→ Brief
Exactly reproduce the entries, dropping any pictures from your copy.

____

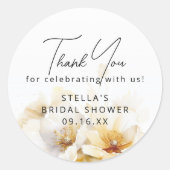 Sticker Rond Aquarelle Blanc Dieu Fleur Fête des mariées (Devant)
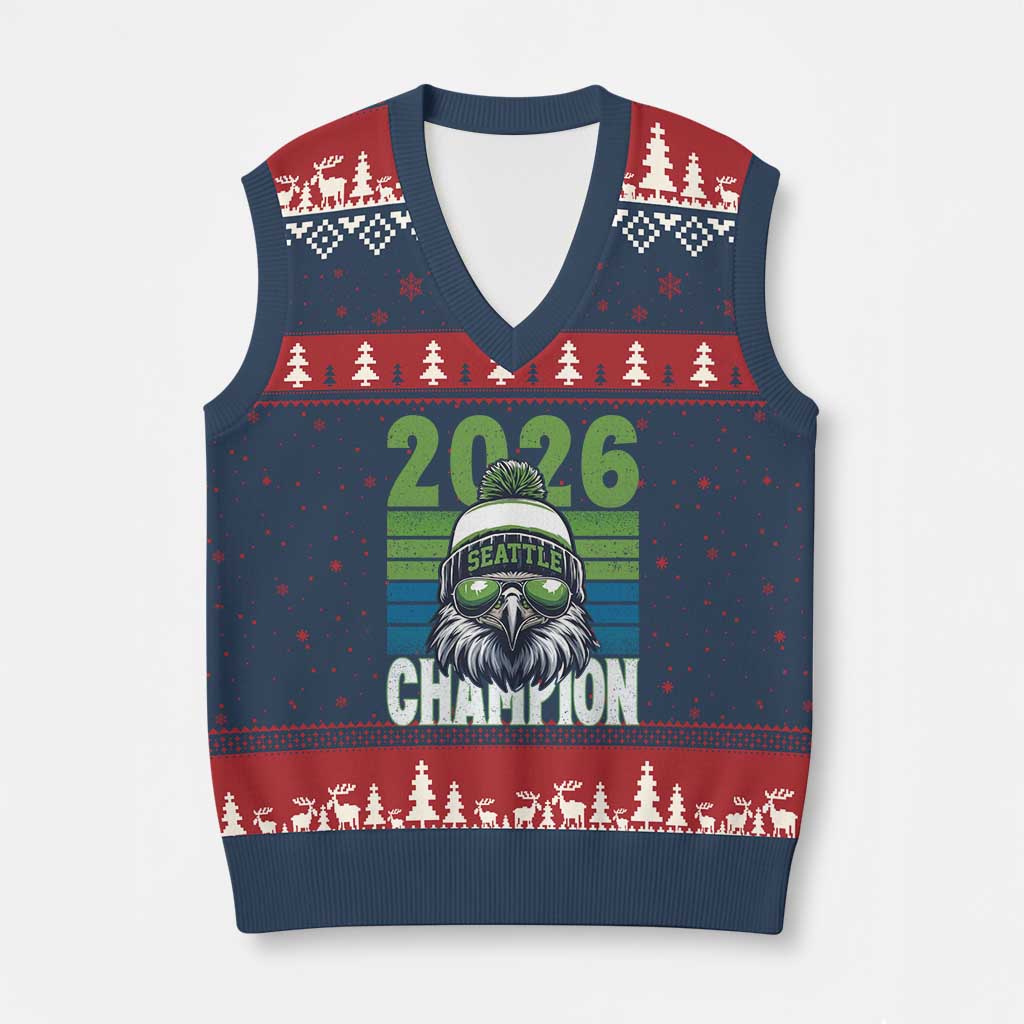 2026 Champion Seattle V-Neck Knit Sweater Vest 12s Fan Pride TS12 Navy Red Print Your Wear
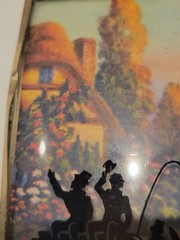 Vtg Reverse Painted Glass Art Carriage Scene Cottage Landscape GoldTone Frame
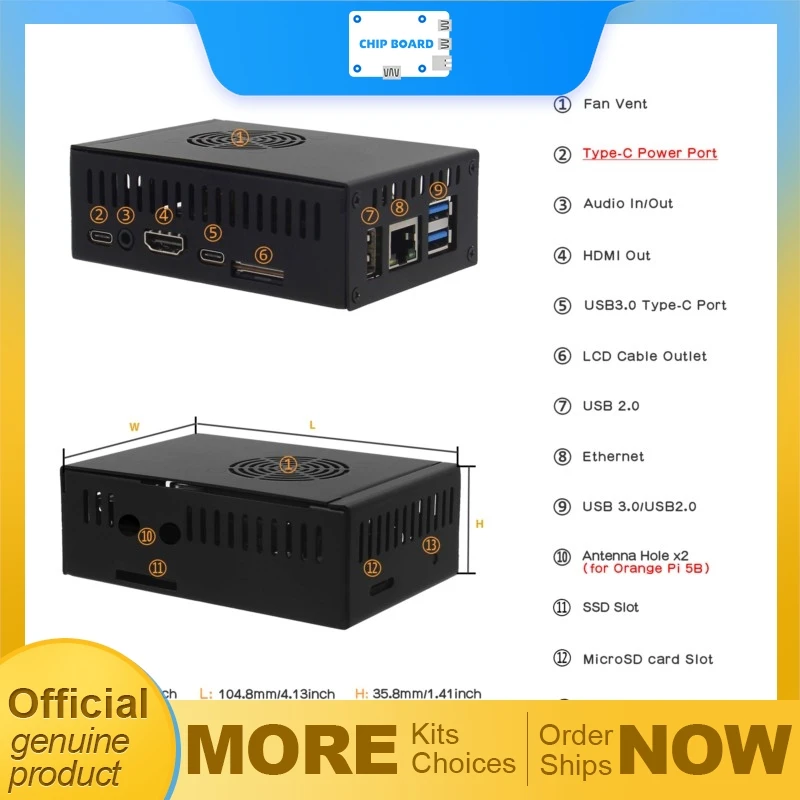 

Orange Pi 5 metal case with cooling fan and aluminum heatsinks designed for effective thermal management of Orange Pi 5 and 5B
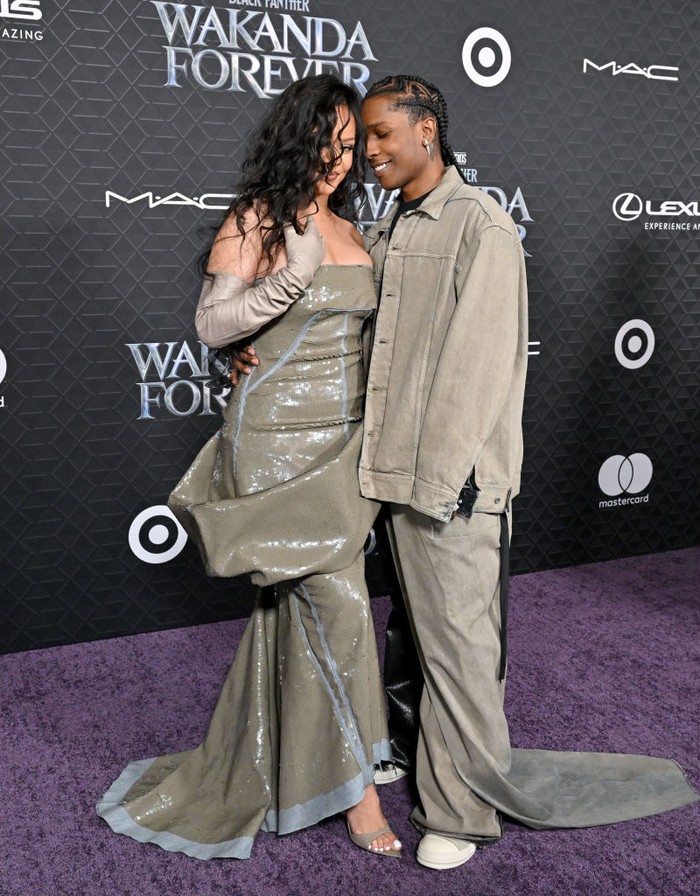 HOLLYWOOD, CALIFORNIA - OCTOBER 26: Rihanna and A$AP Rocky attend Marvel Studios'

____

→ Exercise result
 Sticker Rond Aquarelle Blanc Dieu Fleur Fête des mariées (Devant)
 2026 Champion Seattle V-Neck Knit Sweater Vest 12s Fan Pride TS12 Navy Red Print Your Wear
 Vtg Reverse Painted Glass Art Carriage Scene Cottage Landscape GoldTone Frame

Orange Pi 5 metal case with cooling fan and aluminum heatsinks designed for effective thermal management of Orange Pi 5 and 5B
 HOLLYWOOD, CALIFORNIA - OCTOBER 26: Rihanna and A$AP Rocky attend Marvel Studios'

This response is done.